The shining star of the Beijing Olympics didn’t challenge the authenticity of the photo and apologized for his behavior.

I engaged in behavior which was regrettable and demonstrated bad judgment, Phelps said. I’m 23 years old and despite the successes I’ve had in the pool, I acted in a youthful and inappropriate way, not in a manner people have come to expect from me. For this, I am sorry. I promise my fans and the public it will not happen again.

This is not Phelps’ first PR hit. In 2004, at the age of 19, he was arrested on drunken driving charges. And while right now it looks like there won’t be any suspension by the powers-that-be, Phelps stands to lose boatloads of endorsement dollars.

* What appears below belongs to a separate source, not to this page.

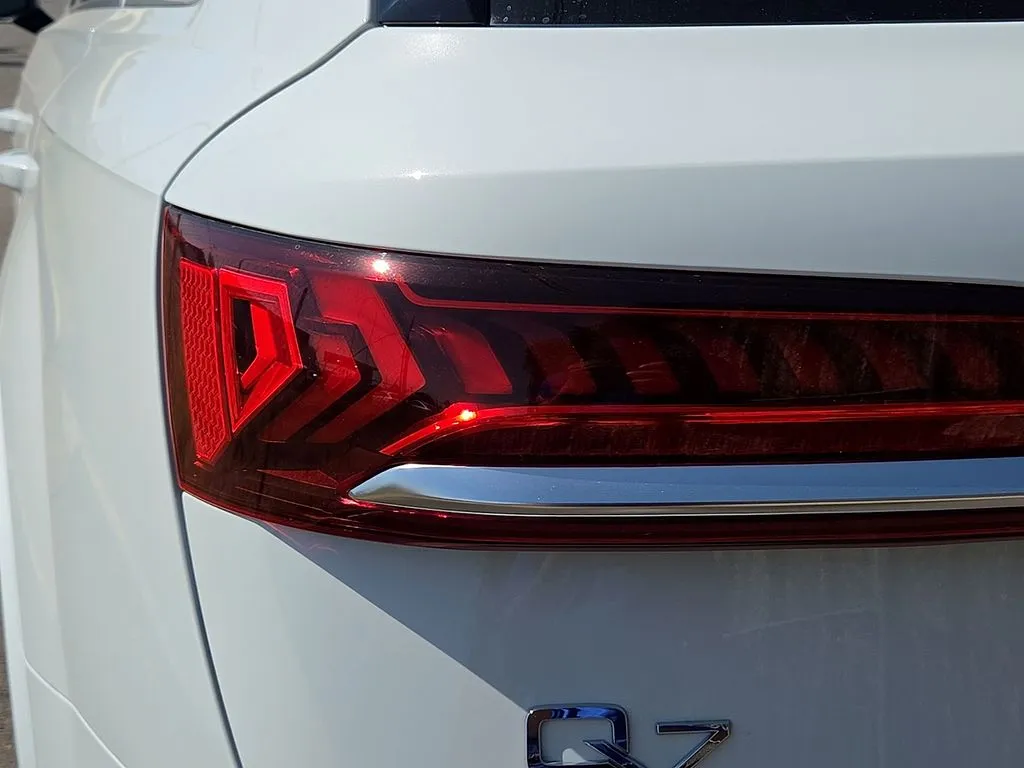 Audi Q7 photo 10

But, should he? Do you really care that Phelps allegedly engaged in an activity that so many world leaders and titans of industry dabbled in? Is his recreational marijuana use really that upsetting to you?

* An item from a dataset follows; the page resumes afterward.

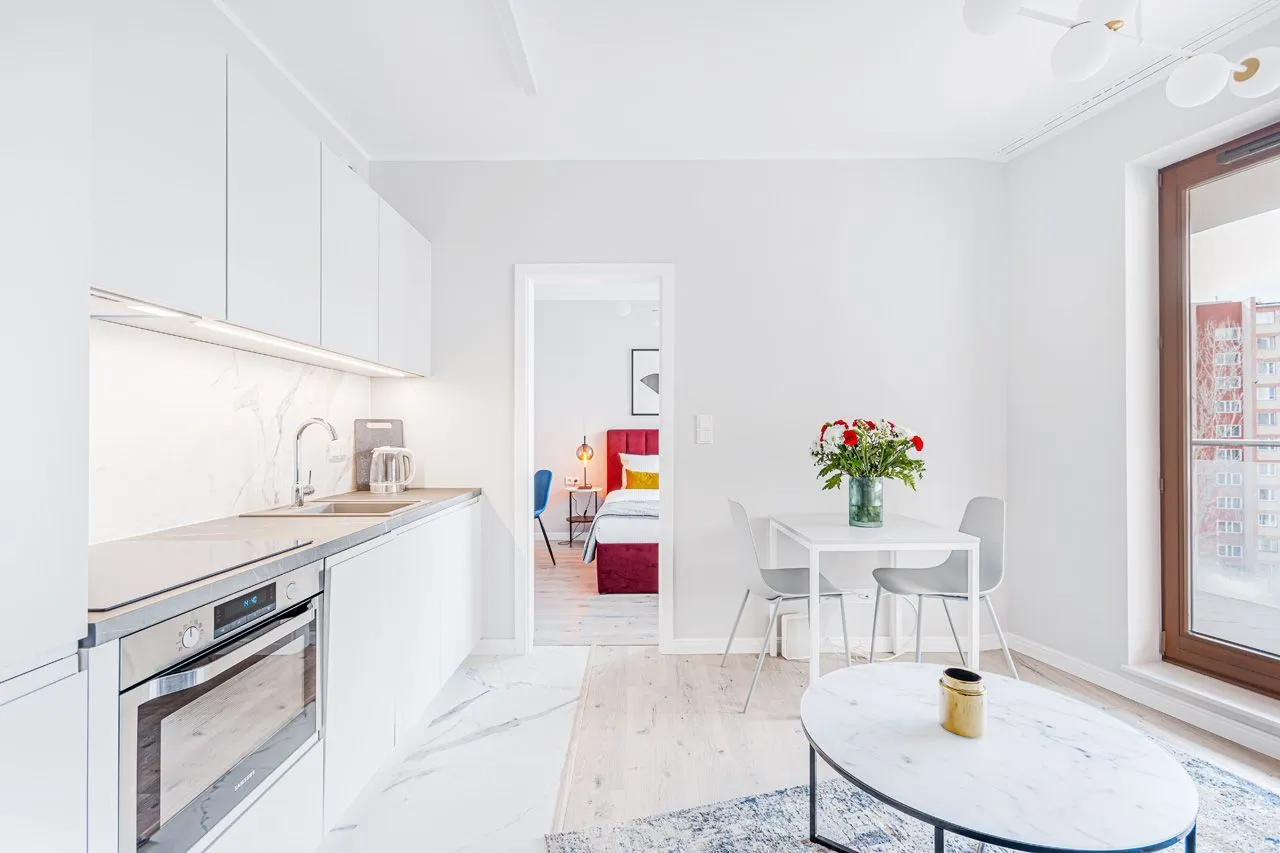 1 Bedroom — Medium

Last night we were inundated with commercials for beer during the Super Bowl. You may have even attended a soiree where people drank too much and got a little loose. Hell, it’s part of our culture as Americans.

But the disconnect of embracing drinking and drunkenness as a part of life while castigating marijuana use has always baffled me. It seems so arbitrary to categorize one mind-altering substance as fun and acceptable while frowning upon the other.

Now, I’m not saying that Phelps wasn’t stupid for being so brazen with his questionable actions. He’s got to know that the spotlight is always going to be on him. When you’re on top, everyone is just holding their breath waiting for you to fall. And I’m not advocating drug use as life-enriching activity. There are myriad risks and downsides — just like there are when abusing alcohol.

Considering Phelps’ previous brush with the law and his well-documented carousing habits, he’s never been the perfect role model. So what has really changed? Are you really looking at him differently since seeing this picture?

He apologized for his behavior, will probably take the bulk of the punishment in the form of reduced endorsements and will still be the greatest swimmer of all-time.

Warts and all.

***

Your turn:

  • What were your initial reactions when you saw the photo?
  • Does this affect Phelps’ legacy?
  • How has your view changed, if it has at all?
  • If the picture in question would have been a severely intoxicated Phelps, would there be the same type of uproar? Is this double standard fair?